Posted by: Natalie | February 24, 2011


Of all the birds that descend into my garden, the magpie is undoubtedly the one with the most weight to carry. From the second we see them our superstitious nature triggers and all the accompanying prejudices make us look down on this bird like no other. Despite their elegance and costume we know ultimately they are thieves, searching out the new shiny and casting aside all previous possessions.

However, I am always willing to give them a chance, one of the picture books I have developed sees the ‘hero’ to the tale as this glamorous prince, swiftly swooping into the night to save us all. In my story there is no tipping of the hat nor any saluting of the Magpie in order to ward off bad omens, there is no need for dispensing of such proper respects as my magpie was no such evil-doer.
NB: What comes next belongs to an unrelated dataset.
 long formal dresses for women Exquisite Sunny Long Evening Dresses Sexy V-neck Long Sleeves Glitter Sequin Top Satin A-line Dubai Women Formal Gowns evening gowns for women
But something uncomfortable has made me think and the theory of this black and white rogue has begun to play in my head – these birds aim for the sparkling and new, something precious to us and undoubtedly, at the time, precious to them in turn. But what happens when those shiny things become tarnished and scratched through over use? Where do they go when they are no longer of the same importance? Are they cast aside so as to make room for the new precious? Or simply sat upon, festering under a pile of other blackened things? Either way, this is a sorry state of affairs, the lives of these objects have been cut short. Whether thrown from the perch or nested in the dark, the taking prevents others from benefiting from each item’s shine.
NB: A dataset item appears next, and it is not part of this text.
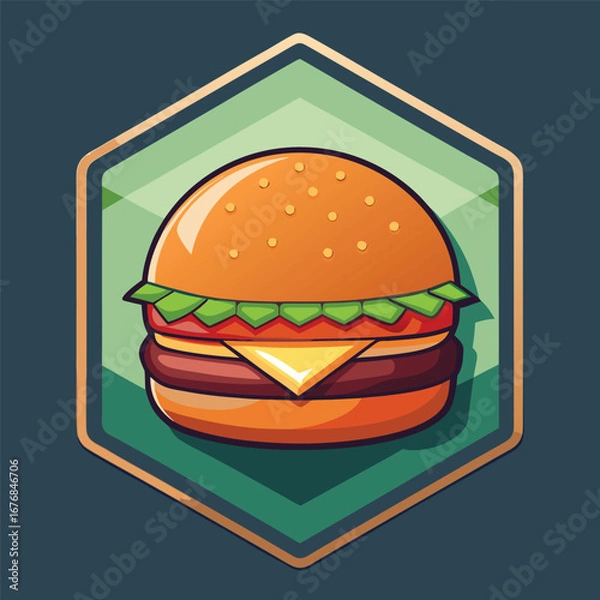 Fototapeta A Stylized Cartoon Burger Badge with a Shiny Hexagonal Frame A Retro Food Logo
It also means that rings and bling find themselves a little lost. Being thrown down the line and waiting, just waiting for the day when they will be wanted again is a depressing place to be. The desire to be seen for what they are and not just for a specific need is one which could eat away and diminish what may be left of their silverly glow. I hope for their sake they choose to a sense of resignation and accept their fate because to hope for something seemingly lost is a yearning I don’t think one could take.

I am quite sure the magpies never think this far, after all there will always be something new and shiny waiting in the wings. This does not make them bad omens or evil, it simply makes them fickle. And who are we, as people, to chastise and condemn for this? Better we simply accept what they are, nod our good mornings and think on them no more.